Comment 6 Florian Weimer 2019-04-29 12:41:49 UTC
I think you can detect the call sequence using the struct __netgrent * argument.  See the nss/nss_files/files-netgrp.c code in glibc.

Comment 7 Sumit Bose 2019-04-29 16:09:47 UTC
(In reply to Florian Weimer from comment #6)
> I think you can detect the call sequence using the struct __netgrent *
> argument.  See the nss/nss_files/files-netgrp.c code in glibc.

Ok, I see. How should NSS modules outside of the glibc source tree use struct __netgrent, since it is not defined in a public header. Currently SSSD and e.g. nss-pam-ldapd are using a copy of the struct definition in their own source tree. But this might be risky, since glibc is free to change in internals of the struct at will (see e.g. https://pagure.io/SSSD/sssd/issue/3993 for a similar case).

Comment 8 Florian Weimer 2019-05-06 11:07:16 UTC
I will try to document this better on the glibc side.
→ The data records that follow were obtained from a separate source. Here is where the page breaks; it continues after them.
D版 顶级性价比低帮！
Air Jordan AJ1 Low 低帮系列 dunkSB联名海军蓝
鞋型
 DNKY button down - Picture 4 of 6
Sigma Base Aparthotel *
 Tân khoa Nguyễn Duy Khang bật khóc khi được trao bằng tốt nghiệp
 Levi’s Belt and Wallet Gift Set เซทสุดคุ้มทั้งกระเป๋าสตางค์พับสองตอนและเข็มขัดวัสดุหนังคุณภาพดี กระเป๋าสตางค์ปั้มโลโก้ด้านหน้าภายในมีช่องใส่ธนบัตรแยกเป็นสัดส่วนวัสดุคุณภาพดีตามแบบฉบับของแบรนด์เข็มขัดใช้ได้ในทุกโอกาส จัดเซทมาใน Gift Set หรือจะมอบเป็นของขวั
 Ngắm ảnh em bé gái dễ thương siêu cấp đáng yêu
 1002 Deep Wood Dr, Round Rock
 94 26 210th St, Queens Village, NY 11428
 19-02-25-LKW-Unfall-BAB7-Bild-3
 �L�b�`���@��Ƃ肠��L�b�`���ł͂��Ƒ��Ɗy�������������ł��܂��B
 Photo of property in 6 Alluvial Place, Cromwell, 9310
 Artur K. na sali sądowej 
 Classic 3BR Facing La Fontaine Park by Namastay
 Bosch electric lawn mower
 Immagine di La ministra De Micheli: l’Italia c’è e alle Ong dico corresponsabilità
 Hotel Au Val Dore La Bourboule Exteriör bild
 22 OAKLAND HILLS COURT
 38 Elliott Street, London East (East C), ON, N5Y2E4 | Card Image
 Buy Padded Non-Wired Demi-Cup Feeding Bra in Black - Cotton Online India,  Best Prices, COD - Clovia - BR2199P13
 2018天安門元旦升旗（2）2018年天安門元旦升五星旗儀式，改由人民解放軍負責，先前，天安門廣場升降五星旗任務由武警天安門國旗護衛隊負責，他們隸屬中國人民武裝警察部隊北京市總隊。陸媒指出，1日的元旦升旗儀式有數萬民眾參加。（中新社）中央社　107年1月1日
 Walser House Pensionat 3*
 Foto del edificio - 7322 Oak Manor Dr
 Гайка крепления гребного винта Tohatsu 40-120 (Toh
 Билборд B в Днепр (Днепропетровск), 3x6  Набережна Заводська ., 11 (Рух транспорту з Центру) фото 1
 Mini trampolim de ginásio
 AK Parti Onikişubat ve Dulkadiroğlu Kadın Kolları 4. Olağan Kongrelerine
I don't think there is a way around defining struct __netgrent in a public header file.

The sssd sources already contain a copy of the definition of struct __netgrent because it is impossible to implement netgroup support without it. (The first few members are used for passing data to the glibc NSS framework.) I think you can reuse the data member to store a pointer to your own internal data.  You must set the data member to NULL in the endnetgrent function and free the resources there.

Comment 9 Sumit Bose 2019-05-06 11:26:48 UTC
(In reply to Florian Weimer from comment #8)
> I will try to document this better on the glibc side. I don't think there is
> a way around defining struct __netgrent in a public header file.
> 
> The sssd sources already contain a copy of the definition of struct
> __netgrent because it is impossible to implement netgroup support without
> it. (The first few members are used for passing data to the glibc NSS
> framework.) I think you can reuse the data member to store a pointer to your
> own internal data.  You must set the data member to NULL in the endnetgrent
> function and free the resources there.

Hi Florian,

thank you for taking care of this in glibc.

I will check from the SSSD side how we can use the data member from __netgrent to make netgroup calls thread safe.

bye,
Sumit

Comment 17 Sumit Bose 2021-03-18 07:52:21 UTC
Upstream ticket:
https://github.com/SSSD/sssd/issues/5540

Comment 18 Pavel Březina 2021-04-21 10:02:23 UTC
Pushed PR: https://github.com/SSSD/sssd/pull/5541

* `master`
    * 29abf94e3aec2c54c76adf61318099097c41ea77 - intg test: test is innetgr() is thread-safe
    * 88eec1c22f188adc49f41b81fe5af03c995c690d - nss client: make innetgr() thread safe

Comment 25 errata-xmlrpc 2021-11-09 19:46:33 UTC
Since the problem described in this bug report should be
resolved in a recent advisory, it has been closed with a
resolution of ERRATA.

For information on the advisory (sssd bug fix and enhancement update), and where to find the updated
files, follow the link below.

If the solution does not work for you, open a new bug report.

https://access.redhat.com/errata/RHBA-2021:4435